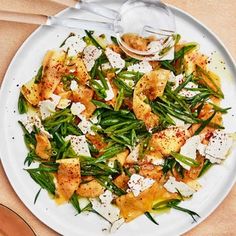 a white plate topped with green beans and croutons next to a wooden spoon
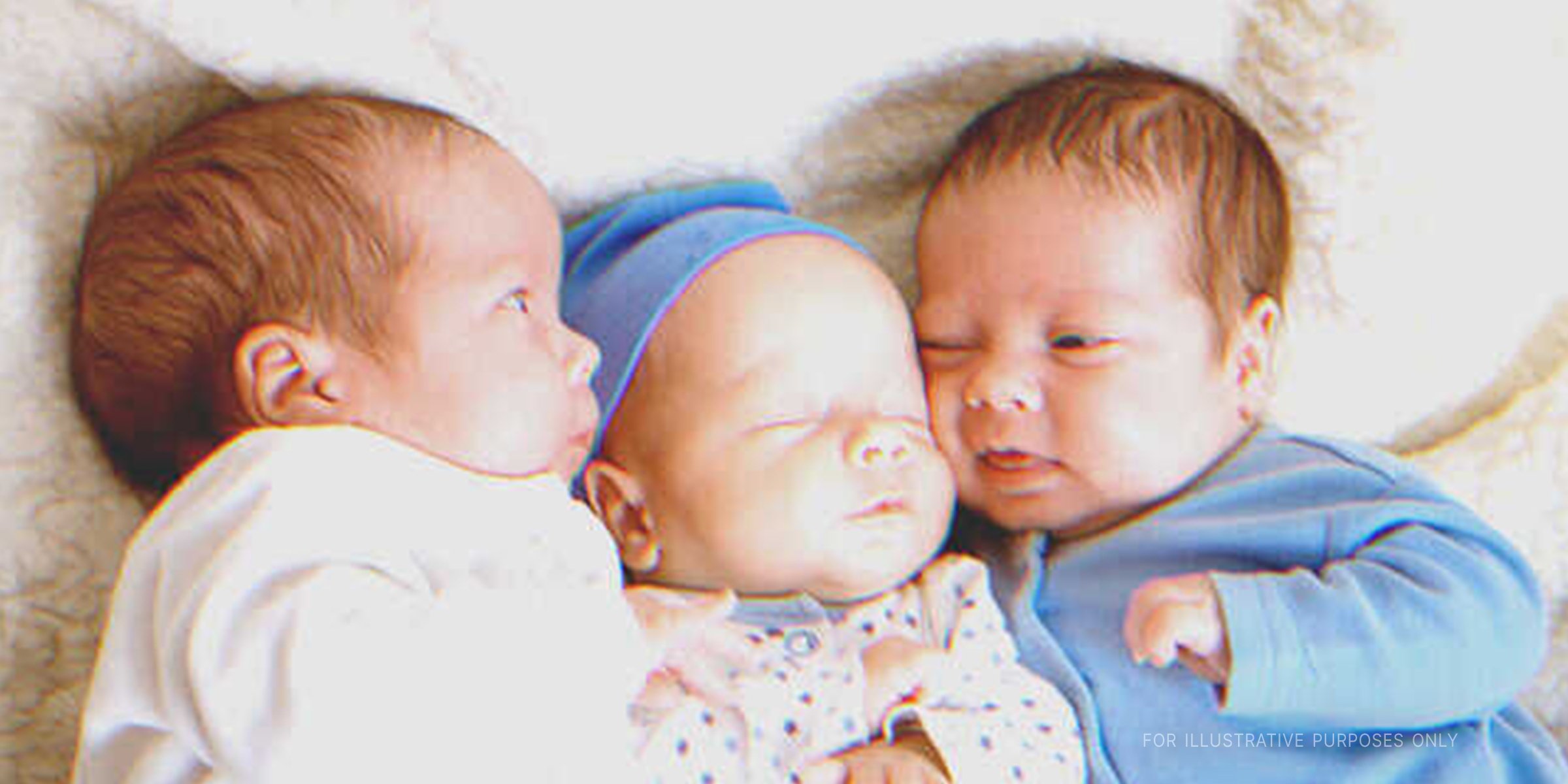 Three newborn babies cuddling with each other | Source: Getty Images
---
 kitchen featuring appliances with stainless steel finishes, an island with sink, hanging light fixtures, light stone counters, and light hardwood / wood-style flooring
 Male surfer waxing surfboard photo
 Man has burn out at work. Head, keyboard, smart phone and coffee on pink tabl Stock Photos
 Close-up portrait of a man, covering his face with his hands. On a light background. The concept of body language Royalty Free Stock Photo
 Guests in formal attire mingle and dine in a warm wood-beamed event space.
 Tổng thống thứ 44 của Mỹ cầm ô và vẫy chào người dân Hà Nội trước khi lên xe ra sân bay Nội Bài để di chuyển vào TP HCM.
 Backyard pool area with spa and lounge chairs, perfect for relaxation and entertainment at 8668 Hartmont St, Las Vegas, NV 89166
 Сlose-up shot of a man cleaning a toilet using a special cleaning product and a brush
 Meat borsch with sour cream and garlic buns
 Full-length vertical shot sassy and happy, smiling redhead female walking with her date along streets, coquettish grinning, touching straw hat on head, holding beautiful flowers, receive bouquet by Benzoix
---
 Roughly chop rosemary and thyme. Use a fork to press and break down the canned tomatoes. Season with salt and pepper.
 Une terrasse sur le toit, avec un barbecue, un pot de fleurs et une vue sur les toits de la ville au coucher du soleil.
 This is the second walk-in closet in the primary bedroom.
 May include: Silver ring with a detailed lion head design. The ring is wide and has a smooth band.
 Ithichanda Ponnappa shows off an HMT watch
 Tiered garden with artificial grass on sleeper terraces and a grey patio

Problem description
Above are the records; from them, give again exactly the lines from the one containing "Man has burn" through the one containing "Backyard pool area", both included.

Response below
 Man has burn out at work. Head, keyboard, smart phone and coffee on pink tabl Stock Photos
 Close-up portrait of a man, covering his face with his hands. On a light background. The concept of body language Royalty Free Stock Photo
 Guests in formal attire mingle and dine in a warm wood-beamed event space.
 Tổng thống thứ 44 của Mỹ cầm ô và vẫy chào người dân Hà Nội trước khi lên xe ra sân bay Nội Bài để di chuyển vào TP HCM.
 Backyard pool area with spa and lounge chairs, perfect for relaxation and entertainment at 8668 Hartmont St, Las Vegas, NV 89166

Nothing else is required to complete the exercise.